The U.S. Department of Transportation has proposed new regulations under the Americans with Disabilities Act (ADA) to ensure access to vessels for passengers with disabilities. Published on January 23, the proposal, which is available for public comment for three months, ensures access to programs and services provided by vessel operators and prohibits discriminatory practices and policies. The regulations would apply to vessels of all types and sizes that provide transportation or other services to the public, including cruise ships, ferries, water taxis, gaming and excursion boats and other types of craft.
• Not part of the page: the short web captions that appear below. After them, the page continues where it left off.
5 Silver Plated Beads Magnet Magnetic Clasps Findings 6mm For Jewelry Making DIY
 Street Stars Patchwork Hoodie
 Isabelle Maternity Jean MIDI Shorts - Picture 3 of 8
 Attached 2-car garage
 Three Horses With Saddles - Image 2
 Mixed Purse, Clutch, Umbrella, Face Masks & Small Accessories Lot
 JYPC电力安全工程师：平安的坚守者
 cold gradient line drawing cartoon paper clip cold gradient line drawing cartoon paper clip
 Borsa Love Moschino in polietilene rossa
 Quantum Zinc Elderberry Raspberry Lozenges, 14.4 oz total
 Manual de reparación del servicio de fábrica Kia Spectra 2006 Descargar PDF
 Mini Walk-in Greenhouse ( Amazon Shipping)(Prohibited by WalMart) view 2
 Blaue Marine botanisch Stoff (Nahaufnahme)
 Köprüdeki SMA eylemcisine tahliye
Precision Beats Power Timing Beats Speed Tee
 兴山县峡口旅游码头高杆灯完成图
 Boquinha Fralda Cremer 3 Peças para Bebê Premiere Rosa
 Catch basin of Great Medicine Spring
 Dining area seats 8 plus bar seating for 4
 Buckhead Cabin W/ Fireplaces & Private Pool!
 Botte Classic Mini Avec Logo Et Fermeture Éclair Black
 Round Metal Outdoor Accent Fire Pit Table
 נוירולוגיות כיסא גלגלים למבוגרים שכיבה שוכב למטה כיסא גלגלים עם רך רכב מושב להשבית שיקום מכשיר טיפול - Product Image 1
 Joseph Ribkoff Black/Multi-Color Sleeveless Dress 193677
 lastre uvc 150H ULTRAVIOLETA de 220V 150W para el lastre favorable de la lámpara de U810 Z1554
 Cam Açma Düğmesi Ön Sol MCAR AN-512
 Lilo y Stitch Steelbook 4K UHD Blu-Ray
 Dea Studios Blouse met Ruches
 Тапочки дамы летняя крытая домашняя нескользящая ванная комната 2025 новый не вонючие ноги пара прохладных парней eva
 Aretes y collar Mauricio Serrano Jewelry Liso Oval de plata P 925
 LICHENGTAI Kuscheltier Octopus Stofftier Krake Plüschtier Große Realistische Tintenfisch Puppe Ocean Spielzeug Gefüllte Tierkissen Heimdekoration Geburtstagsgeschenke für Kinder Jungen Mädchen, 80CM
The rule bans practices that discriminate on the basis of disability, such as denial of service, program restrictions, and price discrimination, and specifies conditions upon which certain policies, such as advance notice of the need for accessible accommodations, would be considered acceptable. It also covers responsibilities for ensuring access to vessel services and programs, including accommodation of mobility aids, assistive devices and service animals, as well as access to landside facilities serving vessels, such as terminals and floating docks. The rule highlights certain issues and questions where public feedback is sought. This information, including received comments, is posted on DOT’s site at http://dms.dot.gov/reports/fr.htm (see “ADA - Passenger Vessels” under the heading “OST”). Update: DOT extended the comment deadline to June 22, 2007 (from April 23, 2007) as indicated in a published notice.
The proposed rule does not include design requirements for vessels, which are currently under development by the Board. As explained in the notice, DOT plans to incorporate the Board’s future guidelines for vessels into its rule. The Board is preparing a proposed version of the guidelines that will be published for public comment at a future date.